#### GIVEN DATA
________________
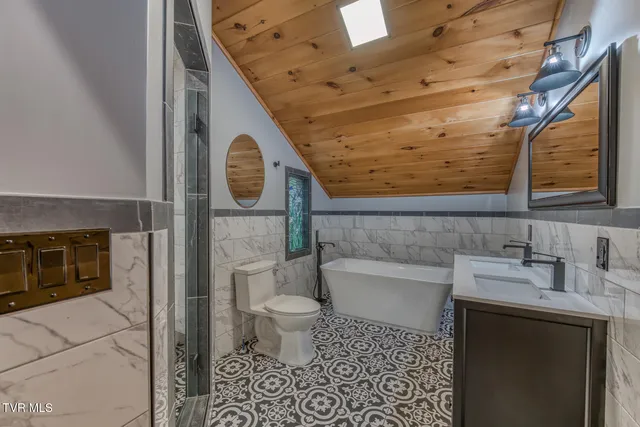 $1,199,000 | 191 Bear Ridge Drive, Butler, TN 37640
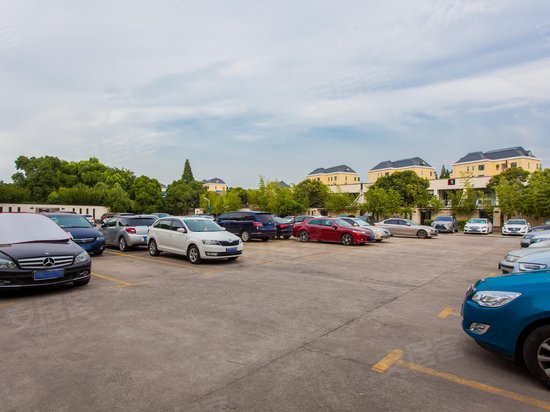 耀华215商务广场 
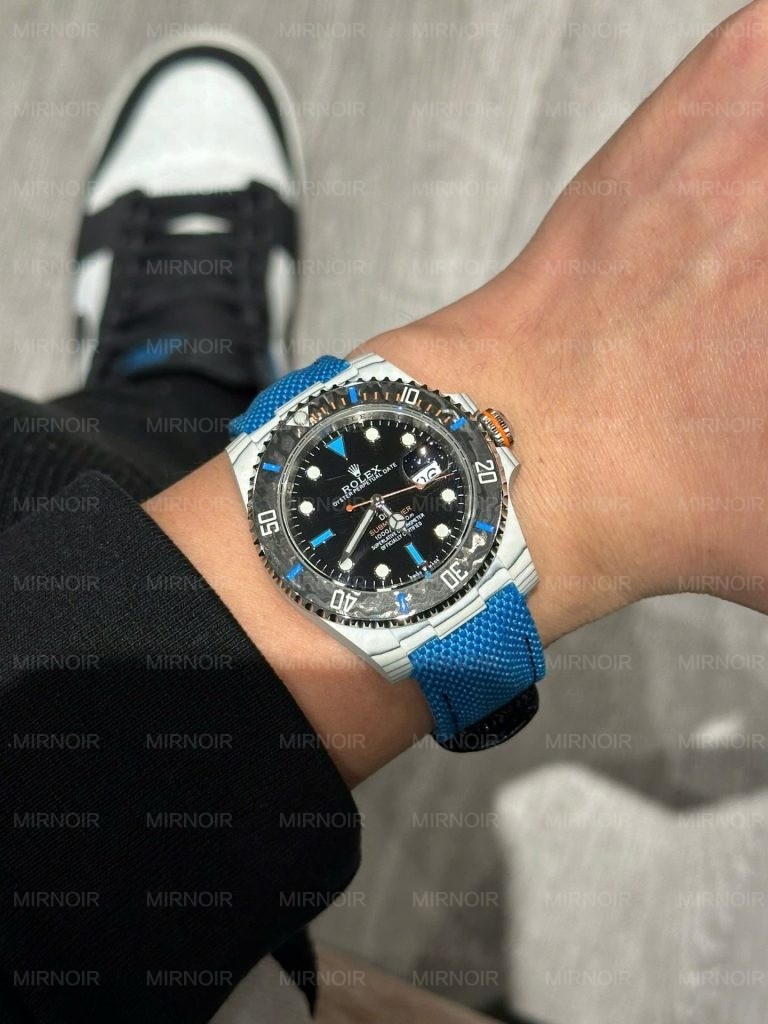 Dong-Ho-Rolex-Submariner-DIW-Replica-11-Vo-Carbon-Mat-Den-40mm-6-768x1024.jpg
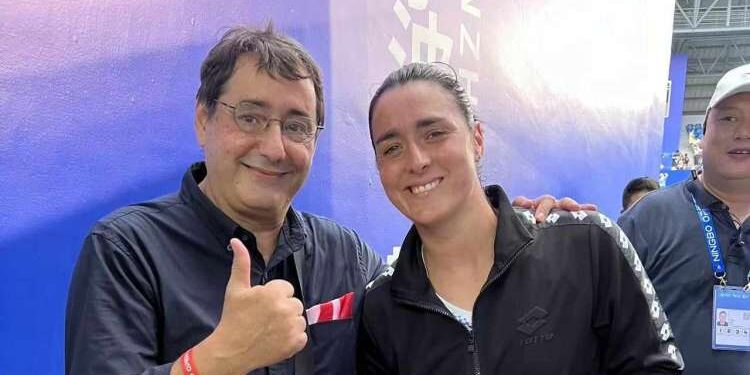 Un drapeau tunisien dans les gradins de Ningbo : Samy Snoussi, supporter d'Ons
________________
#### EXERCISE DESCRIPTION
When you repeat the material above, keep every word exact and leave out the pictures.

#### REPLY TO THE EXERCISE
 $1,199,000 | 191 Bear Ridge Drive, Butler, TN 37640
 耀华215商务广场 
 Dong-Ho-Rolex-Submariner-DIW-Replica-11-Vo-Carbon-Mat-Den-40mm-6-768x1024.jpg
 Un drapeau tunisien dans les gradins de Ningbo : Samy Snoussi, supporter d'Ons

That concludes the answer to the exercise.